Wzrost PKB zapewne będzie niższy, ale też mniejszy będzie deficyt budżetowy, co powinno cieszyć, gdyż według raportu Banku Światowego wyniesie on 2,1 proc. PKB. Czy to jednak możliwe w sytuacji, gdy mamy w Polsce cały czas utrzymującą się deflację?
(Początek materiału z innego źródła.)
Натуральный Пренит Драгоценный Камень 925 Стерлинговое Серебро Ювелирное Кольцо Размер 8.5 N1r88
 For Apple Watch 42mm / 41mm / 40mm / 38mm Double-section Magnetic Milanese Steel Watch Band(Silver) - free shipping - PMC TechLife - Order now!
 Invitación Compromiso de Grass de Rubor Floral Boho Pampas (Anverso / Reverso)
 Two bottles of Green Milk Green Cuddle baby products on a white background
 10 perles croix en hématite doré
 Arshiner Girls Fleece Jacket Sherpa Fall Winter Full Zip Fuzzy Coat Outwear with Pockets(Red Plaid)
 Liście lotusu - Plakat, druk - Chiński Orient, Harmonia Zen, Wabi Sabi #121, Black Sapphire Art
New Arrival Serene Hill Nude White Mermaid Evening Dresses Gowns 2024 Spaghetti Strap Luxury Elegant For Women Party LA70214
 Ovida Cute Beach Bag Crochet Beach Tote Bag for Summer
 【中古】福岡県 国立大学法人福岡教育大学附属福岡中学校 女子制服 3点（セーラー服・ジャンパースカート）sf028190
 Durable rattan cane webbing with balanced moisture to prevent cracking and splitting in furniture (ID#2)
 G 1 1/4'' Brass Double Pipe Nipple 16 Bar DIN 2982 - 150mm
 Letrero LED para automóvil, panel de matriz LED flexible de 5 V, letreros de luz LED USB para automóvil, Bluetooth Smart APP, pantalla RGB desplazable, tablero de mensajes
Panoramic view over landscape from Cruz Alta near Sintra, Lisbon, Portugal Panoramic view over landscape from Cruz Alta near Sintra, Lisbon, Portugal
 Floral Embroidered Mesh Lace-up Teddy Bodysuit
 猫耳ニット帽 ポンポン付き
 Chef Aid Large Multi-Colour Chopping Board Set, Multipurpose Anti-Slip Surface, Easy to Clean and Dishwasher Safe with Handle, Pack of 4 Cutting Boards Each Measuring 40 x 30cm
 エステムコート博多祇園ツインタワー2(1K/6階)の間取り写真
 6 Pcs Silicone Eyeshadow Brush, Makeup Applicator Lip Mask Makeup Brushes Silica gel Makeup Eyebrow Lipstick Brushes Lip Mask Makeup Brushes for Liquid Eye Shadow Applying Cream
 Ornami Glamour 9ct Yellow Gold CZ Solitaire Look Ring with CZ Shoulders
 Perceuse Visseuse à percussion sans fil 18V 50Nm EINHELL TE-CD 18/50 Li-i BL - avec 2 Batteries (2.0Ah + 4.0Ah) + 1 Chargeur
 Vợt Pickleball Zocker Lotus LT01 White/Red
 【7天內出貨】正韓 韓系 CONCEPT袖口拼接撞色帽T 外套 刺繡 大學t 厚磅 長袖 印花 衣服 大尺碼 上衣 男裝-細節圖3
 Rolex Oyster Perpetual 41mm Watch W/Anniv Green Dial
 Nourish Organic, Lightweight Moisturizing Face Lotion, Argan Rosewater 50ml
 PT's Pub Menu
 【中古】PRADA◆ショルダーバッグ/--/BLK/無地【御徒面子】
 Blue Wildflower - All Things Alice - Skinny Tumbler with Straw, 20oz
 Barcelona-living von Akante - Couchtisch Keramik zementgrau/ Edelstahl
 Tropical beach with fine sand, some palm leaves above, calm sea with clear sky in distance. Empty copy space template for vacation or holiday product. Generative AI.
‒ Jeżeli chodzi o ten deficyt, który Polska raportuje dla potrzeb Unii Europejskiej, czyli deficyt całego sektora finansów publicznych według metodologii Unijnej, to o jednym współczynniku już wspomnieliśmy. Jest to istotny spadek inwestycji publicznych. Mniej wydajemy pieniędzy publicznych i ogólna pula wydatków publicznych jest mniejsza. Ponadto dobrze są ściągane wpływy z podatków pośrednich, a ma to związek z dobrą strukturą wzrostu gospodarczego. Bo to konsumpcja prywatna jest motorem wzrostu w tym roku. Wykonanie w podatkach bezpośrednich też jest niezłe, sytuacja na rynku pracy jest dobra. I mamy jeszcze dodatkowe wpływy  z aukcji za licencje LTE, to jest tzw. ujemny wydatek wg klasyfikacji unijnej, ale to czynnik, który wpływa na dobre wykonanie deficytu finansów publicznych w tym roku. Oczywiście ta prognoza jest obarczona pewną niepewnością, ale wierzymy, że wynik w tym roku będzie istotnie lepszy niż w poprzednim ‒ zaznacza gość Jedynki Leszek Kąsek, starszy ekonomista w warszawskim biurze Banku Światowego.